### Work order
Up to and including the line with "Earthquake loading codes", reproduce the listing below exactly, beginning at its first line.

━━━ Given records ━━━

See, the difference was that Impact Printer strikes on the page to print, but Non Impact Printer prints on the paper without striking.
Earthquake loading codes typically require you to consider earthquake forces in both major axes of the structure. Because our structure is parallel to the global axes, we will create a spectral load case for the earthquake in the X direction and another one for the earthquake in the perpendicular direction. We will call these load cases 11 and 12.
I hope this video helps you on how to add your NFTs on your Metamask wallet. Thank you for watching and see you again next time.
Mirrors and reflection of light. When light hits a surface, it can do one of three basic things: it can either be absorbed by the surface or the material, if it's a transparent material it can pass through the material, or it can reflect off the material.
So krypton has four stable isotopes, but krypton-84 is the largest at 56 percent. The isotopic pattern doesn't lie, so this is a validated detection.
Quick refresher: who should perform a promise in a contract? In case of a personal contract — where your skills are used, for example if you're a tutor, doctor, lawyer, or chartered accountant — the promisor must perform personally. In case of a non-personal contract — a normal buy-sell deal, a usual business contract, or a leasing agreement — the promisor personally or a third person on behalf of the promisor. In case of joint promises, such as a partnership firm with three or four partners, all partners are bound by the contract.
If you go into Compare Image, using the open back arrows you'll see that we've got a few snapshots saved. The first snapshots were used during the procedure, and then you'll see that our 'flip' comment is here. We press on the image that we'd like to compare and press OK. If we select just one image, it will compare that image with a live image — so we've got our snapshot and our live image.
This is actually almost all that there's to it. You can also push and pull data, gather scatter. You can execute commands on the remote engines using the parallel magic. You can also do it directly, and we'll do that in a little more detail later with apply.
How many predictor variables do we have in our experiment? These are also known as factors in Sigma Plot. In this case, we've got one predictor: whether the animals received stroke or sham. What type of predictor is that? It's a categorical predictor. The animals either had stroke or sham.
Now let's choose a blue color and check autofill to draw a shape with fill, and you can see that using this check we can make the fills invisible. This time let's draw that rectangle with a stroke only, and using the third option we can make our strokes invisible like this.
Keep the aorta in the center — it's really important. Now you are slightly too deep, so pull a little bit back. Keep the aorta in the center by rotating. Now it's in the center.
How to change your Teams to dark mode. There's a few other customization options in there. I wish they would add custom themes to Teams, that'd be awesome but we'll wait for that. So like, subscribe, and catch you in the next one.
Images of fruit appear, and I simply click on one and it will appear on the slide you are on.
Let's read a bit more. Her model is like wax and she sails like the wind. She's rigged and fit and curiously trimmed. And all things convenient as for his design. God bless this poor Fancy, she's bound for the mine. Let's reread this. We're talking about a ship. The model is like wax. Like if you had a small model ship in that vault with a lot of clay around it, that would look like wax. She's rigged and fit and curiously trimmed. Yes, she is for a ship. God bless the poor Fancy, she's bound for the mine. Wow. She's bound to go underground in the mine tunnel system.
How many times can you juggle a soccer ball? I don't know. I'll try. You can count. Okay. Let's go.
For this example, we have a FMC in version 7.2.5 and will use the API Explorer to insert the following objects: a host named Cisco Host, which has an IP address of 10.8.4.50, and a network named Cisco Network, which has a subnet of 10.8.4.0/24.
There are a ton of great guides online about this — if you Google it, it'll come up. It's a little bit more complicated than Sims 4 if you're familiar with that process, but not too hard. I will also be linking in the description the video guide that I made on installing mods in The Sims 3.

━━━

### Written solution
See, the difference was that Impact Printer strikes on the page to print, but Non Impact Printer prints on the paper without striking.
Earthquake loading codes typically require you to consider earthquake forces in both major axes of the structure. Because our structure is parallel to the global axes, we will create a spectral load case for the earthquake in the X direction and another one for the earthquake in the perpendicular direction. We will call these load cases 11 and 12.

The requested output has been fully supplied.